I will agree with you here. Having not experienced this personally myself, I am only applying my own logic to the situation to further learn and also challenge to maybe help you see things in a different light. So I will conceed your point. It would be disrespectful to further challenge you for the sake of it; you've answered my points fully. Smile

I'll take a look at your thread shortly; thanks for the link.

Fedouaislove wrote:
Usually I'm not a person that gets scared easily, I'm really curious and I always do research about ''horrible things'' and try to see them objectively and always use and control my mind not to be 'scared/disgusted'. I've had really scary nightmares in the past, but somehow, in the dream I would be aware that it's a nightmare and I would tell myself 'Okay, well wake up now' I have always been in control. and i never believed in 'evil', i believe human beings are the ones that turn into evil.
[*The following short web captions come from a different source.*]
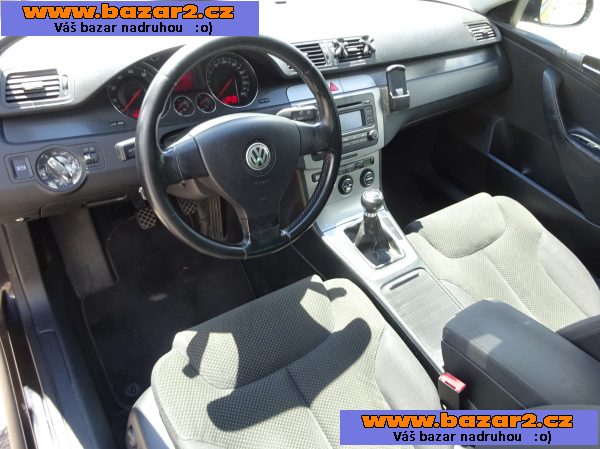 VW Passat 1.6i r.v.2005 stk:5/2028 -5, inzerce-cz.cz VW Passat 1.6i r.v.2005 stk:5/2028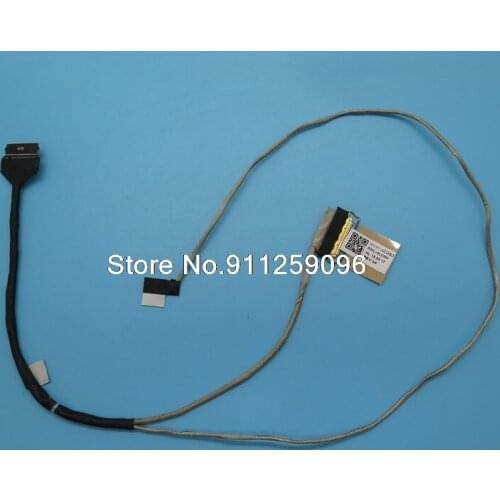 Laptop LCD Cable For Lenovo V310-14ISK V310-14IKB 5C10L59432 DD0LV6LC004 30PIN EDP New
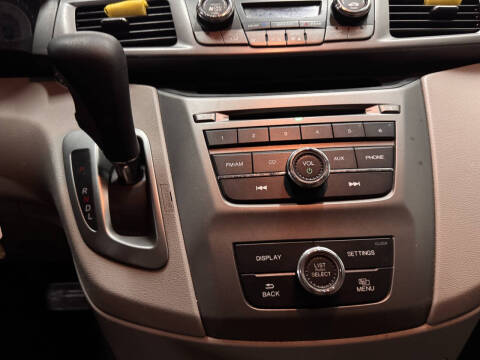 2015 Honda Odyssey LX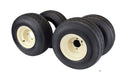18x8.50-8 Tire and Wheel Assembly Set of 4 D691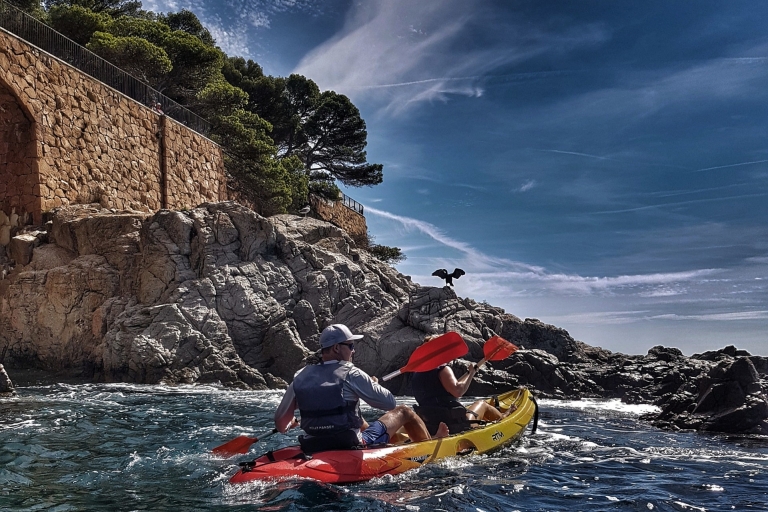Von Barcelona aus: Wandern an der Costa Brava, Seekajakfahren und Lagunen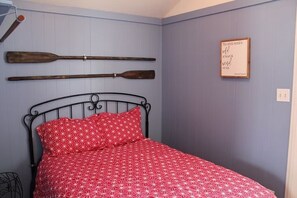 1 chambre, Wi-Fi gratuit, draps fournis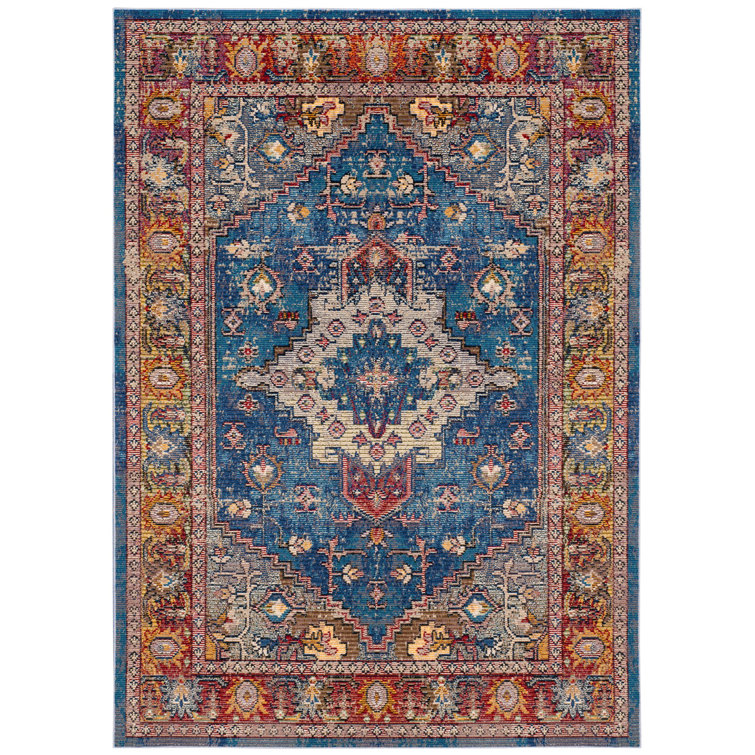 Raabe Performance Oriental Rug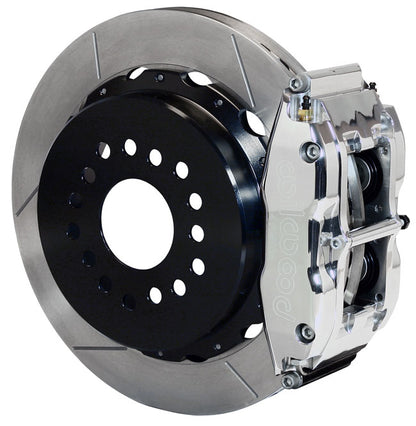 BIG FORD KIT,2.36",REAR PB,SL4R,13",POLISHED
Thanks for the lengthy reply; an interesting read.

The way you describe it certainly paints a 3d picture for me to which I can only apologise you've experienced this and wish it doesn't happen to you again in that way. I have said that I don't believe this is real but don't want to push my point of view any more on this; it's clear you believe the opposite. I'm always interested in the unknown so have some questions for you. Smile

Forgive me if you've already mentioned this; but did you ever see anything during this experience or was it just pure black? Did you attempt to communicate with it at all and ask it what it wanted/why it's here?

Just FYI - I have had a few experiences of sleep paralysis myself but have never felt a presence in the room with me. I've felt a little scared to begin with and then slowly laugh to myself which usually loosens things up (a kinda 'whoops, stuck again!' mindset) or I violently 'shake' myself which seems to dislodge me from this paralysis. This usually ends in 2-5 seconds.

I also watched a documentary called 'The Entity' lately which went into a few various accounts of people having these terrifying experiences. Of these, the most interesting was the following;

A guy would be possesed whilst sleeping it seemed. He would wake up, scream in quite a demonic way and then run around (usually at a door) and punch it wildly until he woke up. He filmed it which was a scary watch. There was also an account where he threw himself through a window, woke up and heard "See you later Rick" (I think that was his name)

He then went to a controlled enviroment when they set up things attached to his body and sure enough on the first night, his eyes went O_O, his mouth went :-O and just stared like that for a while. It was pretty creepy. Also the machines showed he was still sleeping.